Stored data
········

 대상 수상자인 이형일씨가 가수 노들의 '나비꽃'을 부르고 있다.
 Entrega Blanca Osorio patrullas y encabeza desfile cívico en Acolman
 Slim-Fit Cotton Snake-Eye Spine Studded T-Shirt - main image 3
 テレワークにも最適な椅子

········

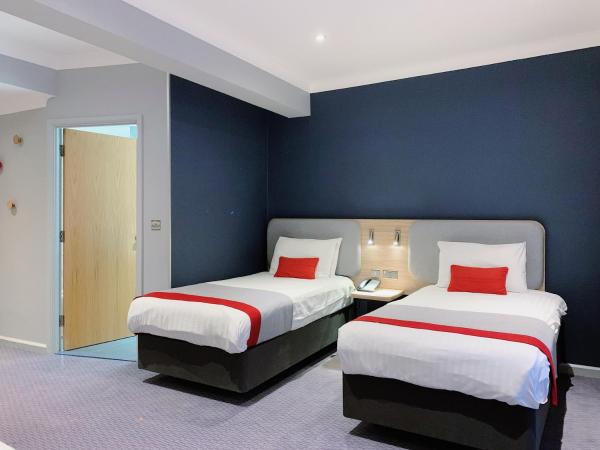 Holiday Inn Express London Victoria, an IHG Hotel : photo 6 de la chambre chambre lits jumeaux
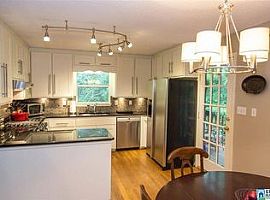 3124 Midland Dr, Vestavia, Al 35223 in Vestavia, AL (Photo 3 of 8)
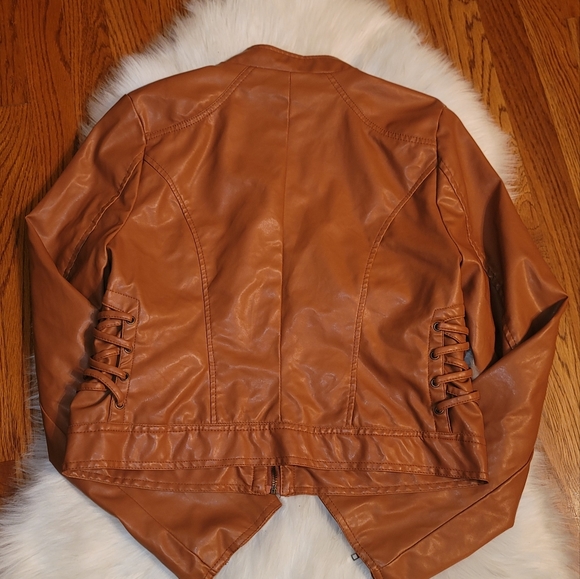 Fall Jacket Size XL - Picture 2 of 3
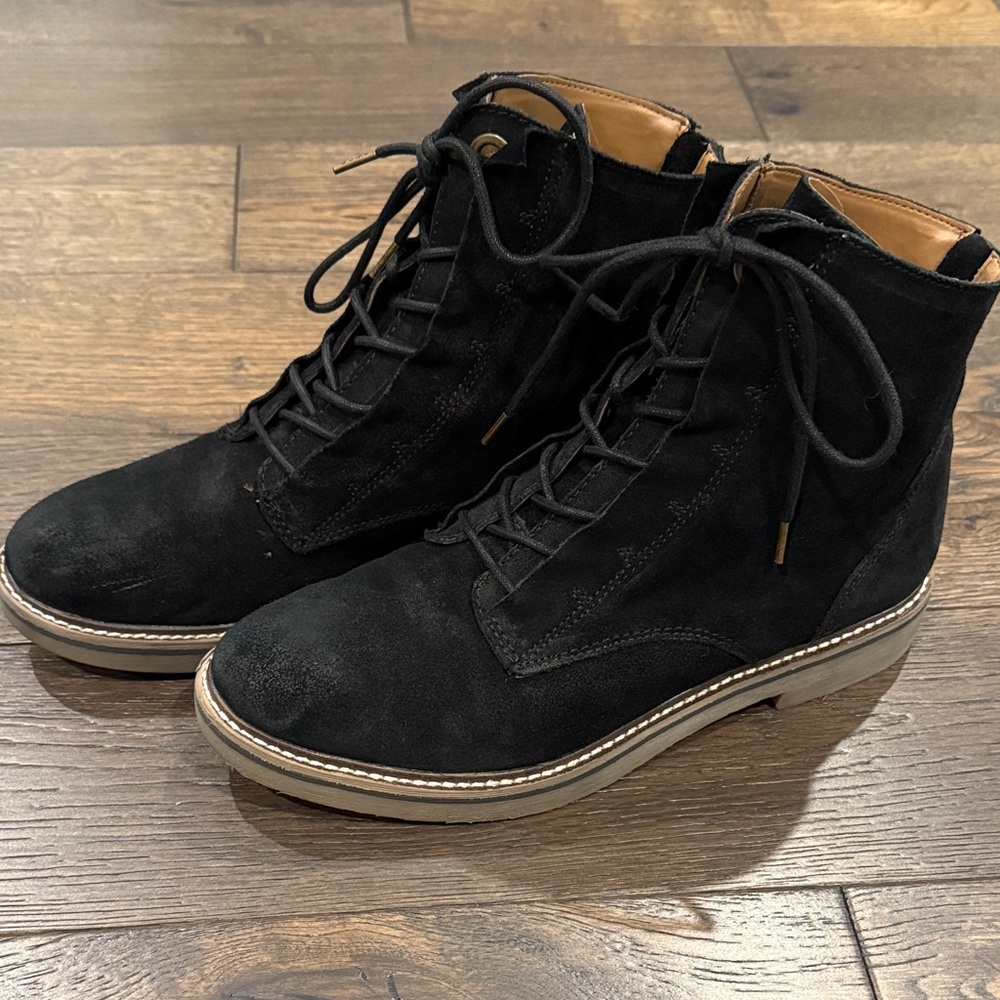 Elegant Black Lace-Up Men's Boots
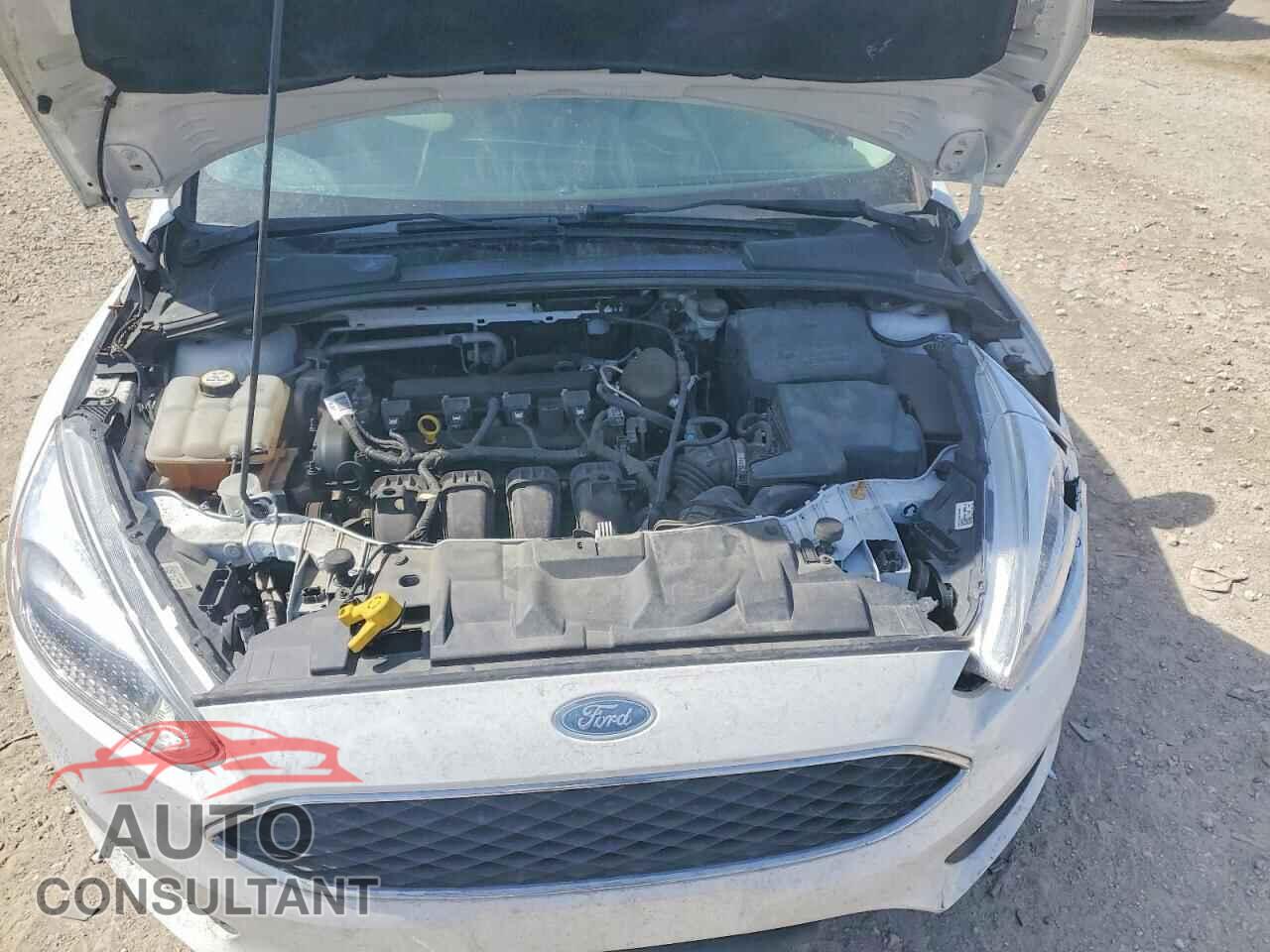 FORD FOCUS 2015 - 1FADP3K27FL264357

········

Your instructions
Please reproduce exactly the lines in the listing above from the one containing "Entrega Blanca Osorio" through the one containing "テレワークにも最適な椅子", both included, and nothing more.

Answer
 Entrega Blanca Osorio patrullas y encabeza desfile cívico en Acolman
 Slim-Fit Cotton Snake-Eye Spine Studded T-Shirt - main image 3
 テレワークにも最適な椅子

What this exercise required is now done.